Dr Fujinaga-Gordon: Once nigai are documented, my vision is for this work to live first and foremost within the Ikema community itself. The recordings, transcriptions, and translations will be archived in ways that ensure community ownership and cultural safety, using platforms like Mukurtu, which allow local access protocols and metadata structures that reflect cultural authority rather than academic hierarchy. I hope the archive will serve as a resource for younger generations who may not speak the language fluently but want to understand the songs, prayers, and rituals that connect them to their ancestral past. At the same time, I want this documentation to reach the broader academic and linguistic community as an example of what ethical, community-centered research can look like. The nigai project challenges long-held assumptions in linguistics, especially the idea that documentation is primarily about collecting data for scholarly use. Instead, it asks how we might document a living practice that sits at the intersection of language, spirituality, and ecology while respecting the community’s own epistemologies and values.

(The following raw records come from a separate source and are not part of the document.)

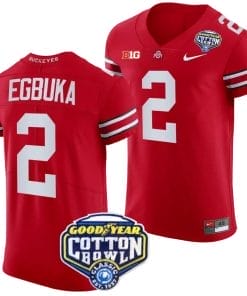 Emeka Egbuka Jersey #2 Ohio State Buckeyes Cotton Bowl Patch 2023 Football Scarlet
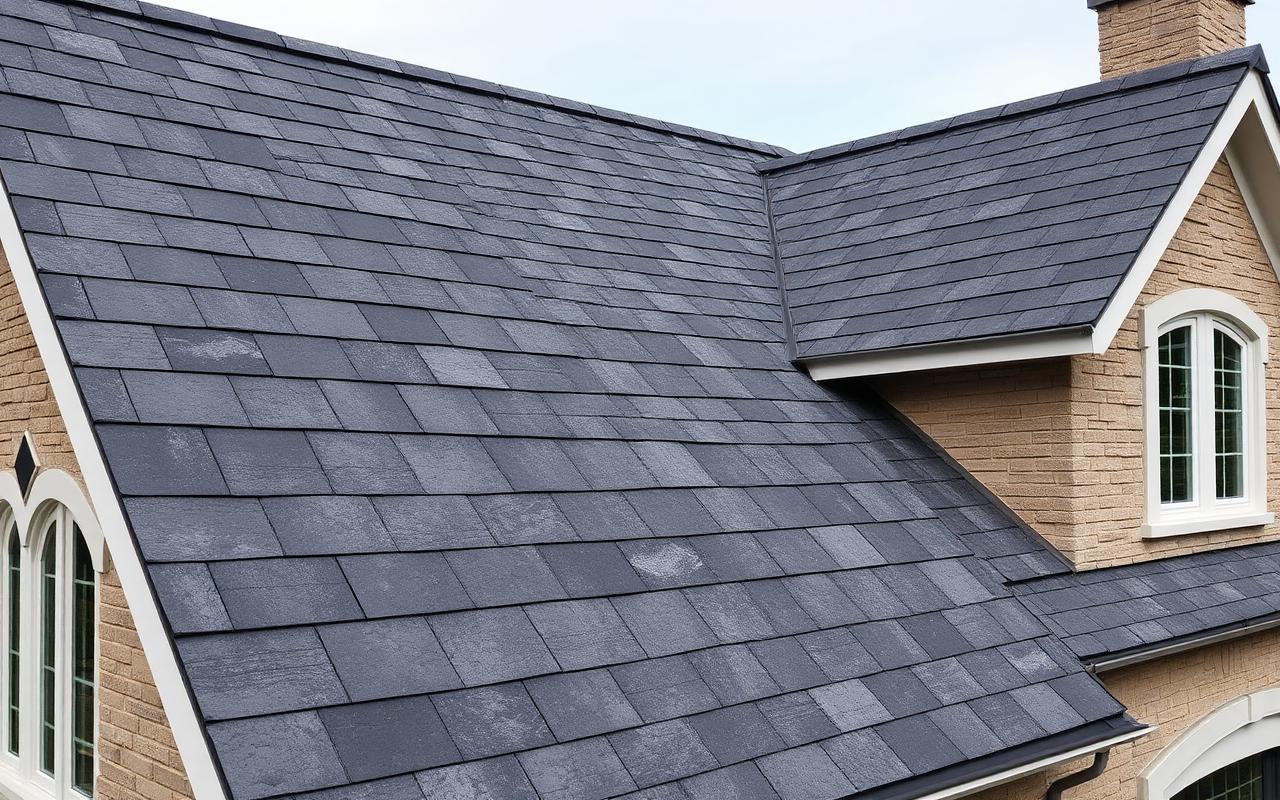 Luxury designer asphalt shingles imitating natural slate texture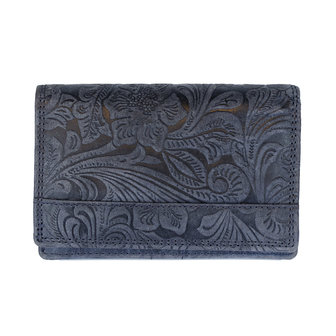 Donkerblauwe dames portemonnee met bloemenprint - Arrigo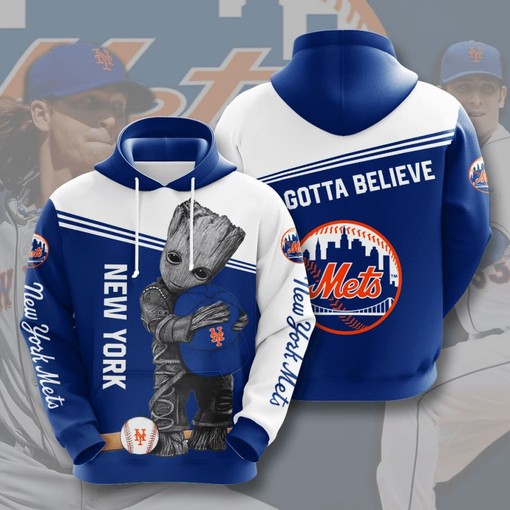 Be a Baseball Fan with New York Mets Men's All-Over Print 3D Hoodie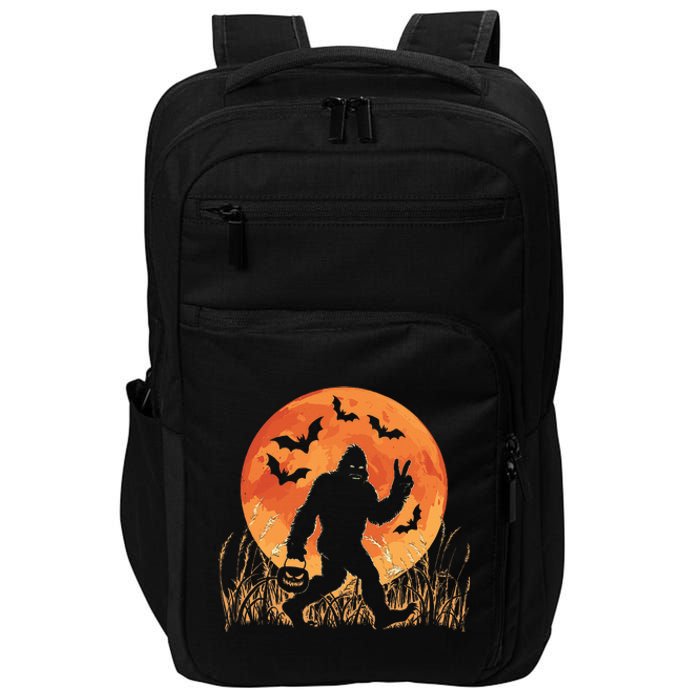 Bigfoot Halloween Trick Or Treat Rock On Sasquatch Graphic Impact Tech Backpack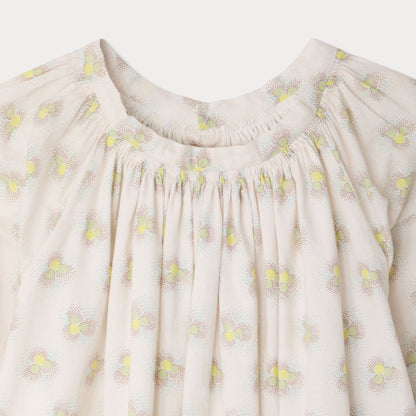 女童米白色印花棉连衣裙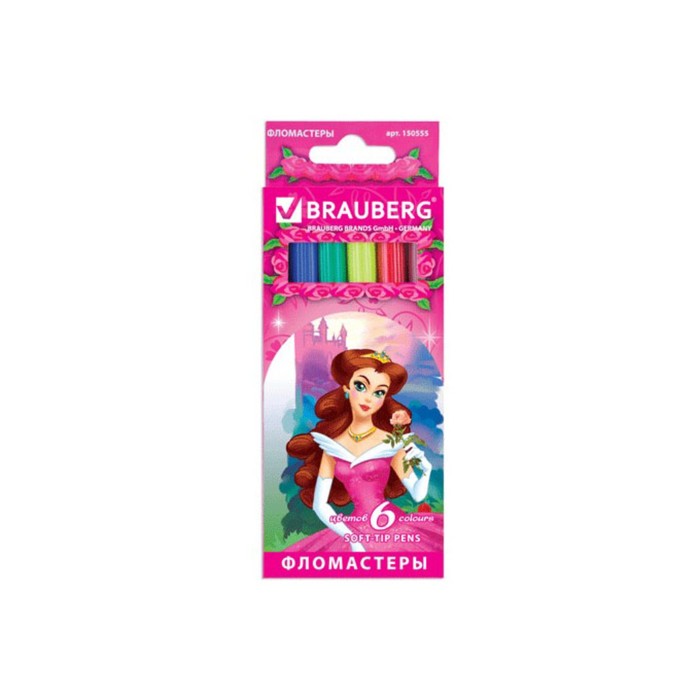 Фломастеры 6 цв BRAUBERG "Rose Angel", вент.колп, картон упак 150555
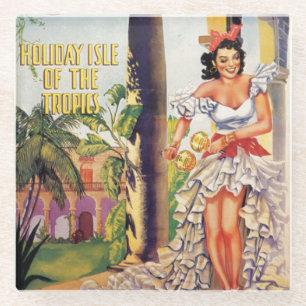  Cubaanse Toerismecommissie tropen reizen Glazen Onderzetter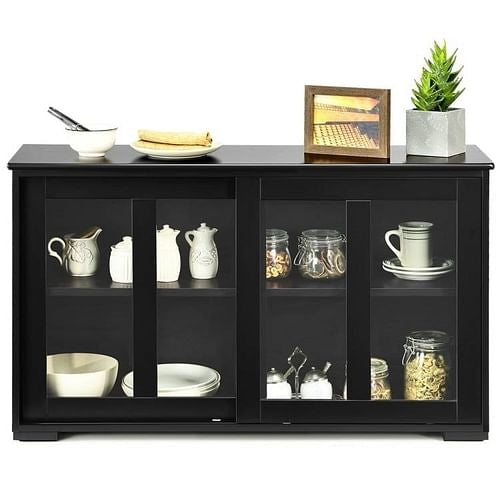 Black Wood Buffet Kitchen Dining Sideboard Storage Cabinet w/ Glass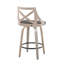 Tabouret de comptoir à hauteur fixe avec pivot en bois gris clair et similicuir gris avec repose-pieds rond en métal noir - ensemble de 2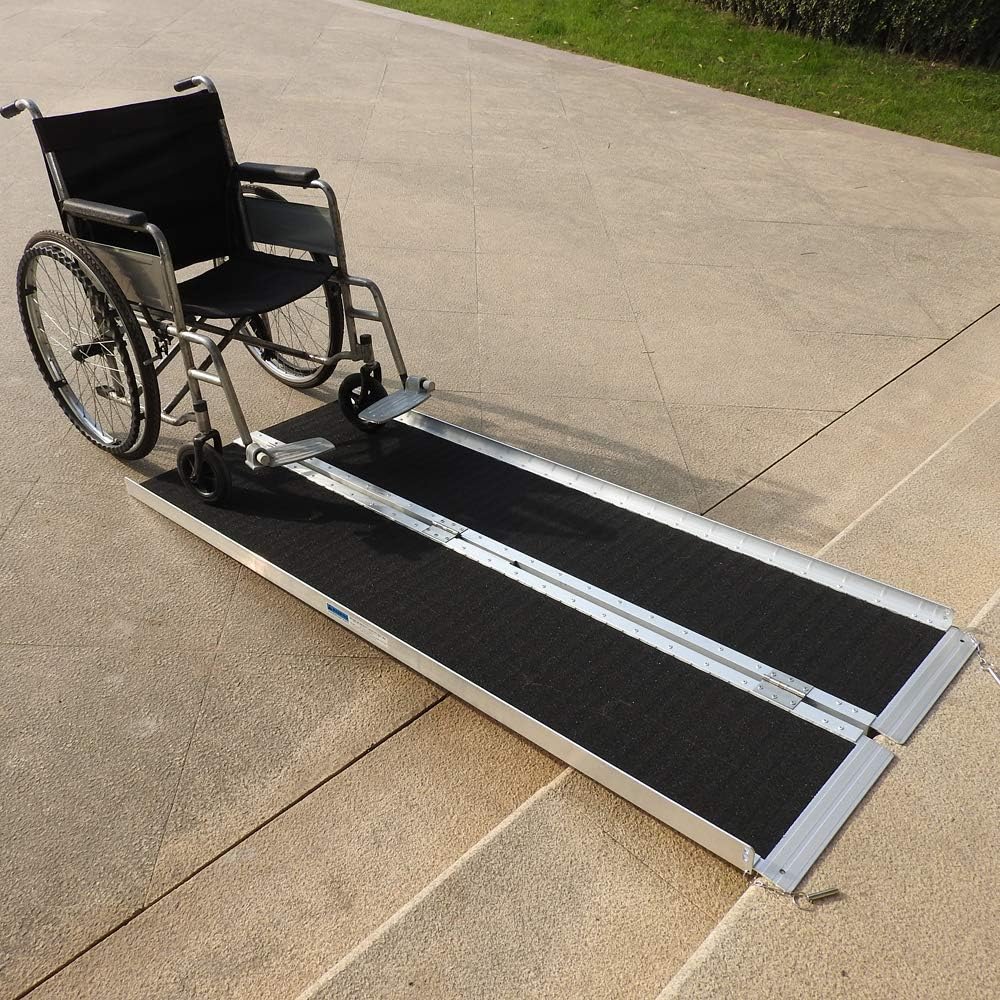 Aluminum Alloy Wheelchair Ramp (72" x 28.35" x 1.97") 6 Ft Non-Skid Loading Traction Ramp,Folding Portable Hold Up to 600 lbs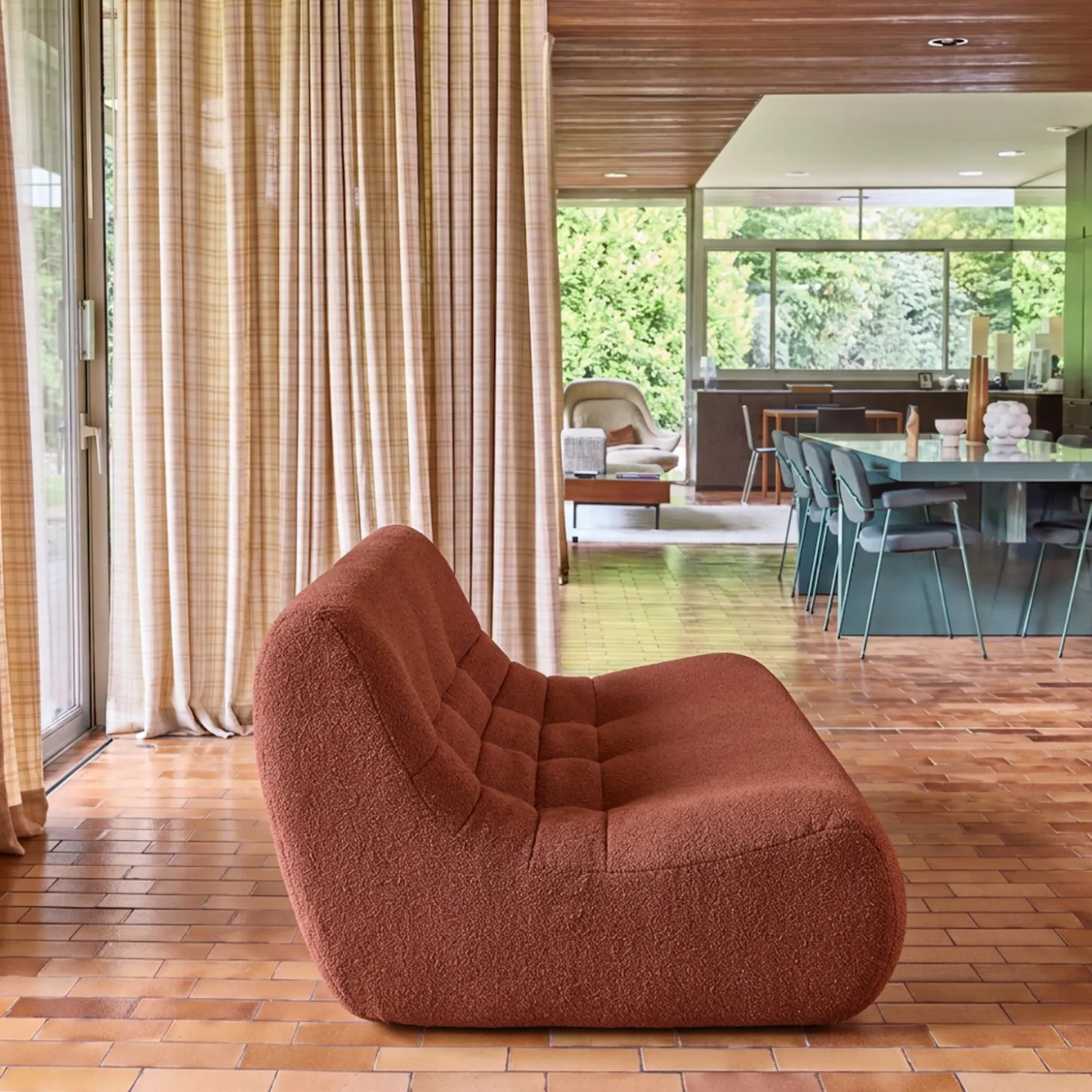 Sofá modular em tecido bouclé, 3 lugares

Dr Fujinaga-Gordon: The most important lesson I have learned is that the humanities are lived through relationships. In the field, every ethical question, every moment of miscommunication, every small gesture of hospitality or misunderstanding becomes part of the research itself. Working on nigai has shown me that research is not just about generating knowledge - it’s about how knowledge is created, shared, and owned. I began this work trained as a linguist who sought accuracy and structure, but I have learned that cultural engagement rarely follows those lines. I’ve had to navigate power struggles between priestesses and village heads, and moments where my presence, despite my best intentions, changed local dynamics. I’ve also had to confront my own positionality as a Japanese researcher studying an Okinawan tradition, aware that Japan’s historical colonization of Okinawa makes me both insider and outsider.
I’ve learned that humanities research must allow room for uncertainty and humility. There are no universal definitions of justice that apply equally across all communities, no fixed templates for ethical engagement, and no single perspective that captures the full complexity of local histories and values.